Pembongkaran properti yang terletak di kawasan Cibinong, Jawa Barat ini, sontak menimbulkan tanda tanya besar di benak publik. Apa sebenarnya yang menyebabkan rumah Atalarik Syah sampai harus dibongkar paksa?
Perkara sengketa tanah yang melibatkan Atalarik Syah ini, ternyata sudah bergulir sejak tahun 2015.
Awalnya, pada tahun 2000, Atalarik membeli sebidang tanah seluas 7.000 meter persegi dari PT. Sabta. Lahan tersebut kemudian terbagi menjadi beberapa bagian.
Sejak proses transaksi jual beli dilakukan hingga tahun 2002, Atalarik mengklaim bahwa ia telah merampungkan sebagian besar proses administrasi pembelian tanah. Sebagai penanda kepemilikan, ia memasang pagar di sekeliling lahan pada tahun 2003.
Secara administratif, Atalarik telah memegang dokumen kepemilikan tanah, namun sebagian masih dalam bentuk Akta Jual Beli (AJB).
Kendala muncul ketika ia hendak menuntaskan seluruh proses administrasi. Salah satu dokumen penting, yaitu surat pelepasan hak, dilaporkan hilang.
Akibatnya, proses administrasi tersebut terhenti. Terlebih lagi, pada saat pembelian tahun 2000, Atalarik tidak menggunakan jasa notaris.
“Dulu, saya mempercayakan sepenuhnya kepada pegawai pemerintah di Kelurahan dan Kecamatan untuk mengurus semua ini,” ungkapnya pada Kamis (15/5/2025).
Kemudian, pada tahun 2015, Dede Tasno mengajukan gugatan terhadap Atalarik Syah, pihak Kelurahan dan Kecamatan, PT Sabta, almarhum Pak Purnomo, serta Direktur PT Sabta ke pengadilan.
Penggugat merasa telah mengeluarkan sejumlah dana untuk mengelola lahan yang kemudian dibeli oleh Atalarik Syah.
Pada tahun 2024, Pengadilan Negeri Cibinong mengeluarkan putusan yang menyatakan bahwa pembelian tanah oleh Atalarik Syah tidak sah secara hukum.

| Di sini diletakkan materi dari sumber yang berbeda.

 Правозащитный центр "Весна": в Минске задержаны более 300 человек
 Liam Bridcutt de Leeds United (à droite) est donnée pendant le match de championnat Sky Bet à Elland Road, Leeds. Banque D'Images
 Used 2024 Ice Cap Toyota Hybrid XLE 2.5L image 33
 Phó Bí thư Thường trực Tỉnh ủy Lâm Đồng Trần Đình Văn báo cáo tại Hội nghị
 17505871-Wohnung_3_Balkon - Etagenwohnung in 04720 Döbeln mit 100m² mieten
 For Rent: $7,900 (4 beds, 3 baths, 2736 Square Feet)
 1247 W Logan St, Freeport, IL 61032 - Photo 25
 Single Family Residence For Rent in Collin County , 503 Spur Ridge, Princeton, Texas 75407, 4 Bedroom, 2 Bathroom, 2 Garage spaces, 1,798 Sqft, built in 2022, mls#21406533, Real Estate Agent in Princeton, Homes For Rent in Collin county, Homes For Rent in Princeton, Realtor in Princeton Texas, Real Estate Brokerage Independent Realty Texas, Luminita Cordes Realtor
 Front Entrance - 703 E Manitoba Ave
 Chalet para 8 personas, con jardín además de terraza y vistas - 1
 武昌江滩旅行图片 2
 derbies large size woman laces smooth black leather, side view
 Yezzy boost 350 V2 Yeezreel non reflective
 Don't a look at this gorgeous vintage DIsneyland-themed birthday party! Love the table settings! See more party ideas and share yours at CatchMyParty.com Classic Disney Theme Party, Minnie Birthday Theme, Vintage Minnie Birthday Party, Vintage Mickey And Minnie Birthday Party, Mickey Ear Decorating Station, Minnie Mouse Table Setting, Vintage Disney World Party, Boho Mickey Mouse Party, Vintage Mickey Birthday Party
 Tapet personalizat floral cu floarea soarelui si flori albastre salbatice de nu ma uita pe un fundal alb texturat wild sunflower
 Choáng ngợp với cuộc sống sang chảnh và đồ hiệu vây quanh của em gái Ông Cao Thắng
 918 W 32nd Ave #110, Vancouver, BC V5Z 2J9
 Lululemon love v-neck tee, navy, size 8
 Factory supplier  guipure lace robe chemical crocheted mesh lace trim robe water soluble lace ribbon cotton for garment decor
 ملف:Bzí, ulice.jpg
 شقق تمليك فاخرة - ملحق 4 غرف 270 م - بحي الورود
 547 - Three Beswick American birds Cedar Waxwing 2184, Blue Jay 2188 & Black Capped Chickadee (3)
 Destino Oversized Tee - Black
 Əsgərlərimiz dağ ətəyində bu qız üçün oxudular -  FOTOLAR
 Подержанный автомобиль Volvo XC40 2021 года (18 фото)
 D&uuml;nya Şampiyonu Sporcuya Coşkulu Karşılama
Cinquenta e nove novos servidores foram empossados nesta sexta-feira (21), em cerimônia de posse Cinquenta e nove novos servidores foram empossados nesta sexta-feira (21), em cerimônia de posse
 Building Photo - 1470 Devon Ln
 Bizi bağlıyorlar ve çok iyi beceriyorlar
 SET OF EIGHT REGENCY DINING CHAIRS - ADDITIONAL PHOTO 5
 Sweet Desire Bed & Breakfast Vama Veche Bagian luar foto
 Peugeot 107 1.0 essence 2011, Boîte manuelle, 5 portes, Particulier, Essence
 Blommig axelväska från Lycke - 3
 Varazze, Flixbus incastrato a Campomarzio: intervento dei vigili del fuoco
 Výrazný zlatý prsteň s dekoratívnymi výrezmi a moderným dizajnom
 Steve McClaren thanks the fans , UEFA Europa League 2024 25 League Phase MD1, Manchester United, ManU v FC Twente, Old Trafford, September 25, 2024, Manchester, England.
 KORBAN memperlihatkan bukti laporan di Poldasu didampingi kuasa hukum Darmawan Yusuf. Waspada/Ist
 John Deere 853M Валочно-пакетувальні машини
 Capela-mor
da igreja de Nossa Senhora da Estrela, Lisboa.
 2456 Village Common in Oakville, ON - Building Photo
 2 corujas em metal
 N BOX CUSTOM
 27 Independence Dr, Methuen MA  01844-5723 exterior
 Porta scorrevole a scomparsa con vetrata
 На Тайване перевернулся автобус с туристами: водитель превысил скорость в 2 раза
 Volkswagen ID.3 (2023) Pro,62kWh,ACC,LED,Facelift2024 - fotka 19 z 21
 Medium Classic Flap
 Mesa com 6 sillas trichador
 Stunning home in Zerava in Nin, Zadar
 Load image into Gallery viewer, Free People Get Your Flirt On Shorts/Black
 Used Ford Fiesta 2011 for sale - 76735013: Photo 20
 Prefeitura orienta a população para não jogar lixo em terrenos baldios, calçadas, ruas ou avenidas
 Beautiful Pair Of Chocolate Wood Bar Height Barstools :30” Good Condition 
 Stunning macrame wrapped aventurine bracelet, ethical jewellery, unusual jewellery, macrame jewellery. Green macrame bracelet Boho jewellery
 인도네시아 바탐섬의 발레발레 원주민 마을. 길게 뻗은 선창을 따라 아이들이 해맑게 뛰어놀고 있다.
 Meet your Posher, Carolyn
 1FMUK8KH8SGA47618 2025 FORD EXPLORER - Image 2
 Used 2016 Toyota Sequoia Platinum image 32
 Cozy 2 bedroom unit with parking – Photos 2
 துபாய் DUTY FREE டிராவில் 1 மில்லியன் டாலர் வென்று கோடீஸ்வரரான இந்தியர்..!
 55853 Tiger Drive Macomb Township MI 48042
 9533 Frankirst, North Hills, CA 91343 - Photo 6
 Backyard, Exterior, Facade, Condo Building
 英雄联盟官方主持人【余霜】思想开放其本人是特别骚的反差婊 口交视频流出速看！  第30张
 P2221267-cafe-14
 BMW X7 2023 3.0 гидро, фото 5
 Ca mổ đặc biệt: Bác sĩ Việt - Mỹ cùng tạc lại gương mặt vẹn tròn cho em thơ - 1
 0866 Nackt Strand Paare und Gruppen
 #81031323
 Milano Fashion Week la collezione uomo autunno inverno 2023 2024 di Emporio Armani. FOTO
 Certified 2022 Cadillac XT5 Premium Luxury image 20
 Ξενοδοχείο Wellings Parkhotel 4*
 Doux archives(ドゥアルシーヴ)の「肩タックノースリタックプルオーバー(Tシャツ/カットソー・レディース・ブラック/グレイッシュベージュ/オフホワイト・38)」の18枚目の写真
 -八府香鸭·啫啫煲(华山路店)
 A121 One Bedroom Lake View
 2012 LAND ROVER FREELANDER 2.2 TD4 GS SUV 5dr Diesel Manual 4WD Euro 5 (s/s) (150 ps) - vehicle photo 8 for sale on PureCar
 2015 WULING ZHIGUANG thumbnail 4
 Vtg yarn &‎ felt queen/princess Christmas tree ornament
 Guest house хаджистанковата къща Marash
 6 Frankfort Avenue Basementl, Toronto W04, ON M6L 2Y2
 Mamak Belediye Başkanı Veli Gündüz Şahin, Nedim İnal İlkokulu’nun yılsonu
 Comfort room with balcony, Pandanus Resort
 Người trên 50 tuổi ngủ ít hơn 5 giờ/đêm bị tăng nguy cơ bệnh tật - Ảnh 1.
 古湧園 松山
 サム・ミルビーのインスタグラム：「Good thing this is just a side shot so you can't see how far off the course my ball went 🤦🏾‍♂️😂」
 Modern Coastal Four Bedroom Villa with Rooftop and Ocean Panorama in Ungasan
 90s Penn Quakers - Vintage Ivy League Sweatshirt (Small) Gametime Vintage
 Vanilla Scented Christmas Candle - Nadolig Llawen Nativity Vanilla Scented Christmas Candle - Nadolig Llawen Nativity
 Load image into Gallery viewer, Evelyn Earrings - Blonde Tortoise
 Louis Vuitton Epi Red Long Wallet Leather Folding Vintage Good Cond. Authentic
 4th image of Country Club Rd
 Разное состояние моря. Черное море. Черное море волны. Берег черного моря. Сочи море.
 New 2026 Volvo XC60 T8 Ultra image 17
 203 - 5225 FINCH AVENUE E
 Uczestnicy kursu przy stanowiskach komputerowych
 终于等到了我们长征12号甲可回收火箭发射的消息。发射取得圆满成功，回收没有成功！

Namun, Atalarik tidak menyerah dan mengajukan Peninjauan Kembali (PK).
Sayangnya, upaya PK tersebut ditolak oleh pengadilan, dan eksekusi pembongkaran pun akhirnya dilaksanakan.
“Kami mengajukan PK baru sebagai upaya untuk menahan eksekusi. Mengingat di lokasi ini sudah berdiri rumah. Proses hukum masih berjalan dan belum ada kekuatan hukum tetap,” jelas Atalarik.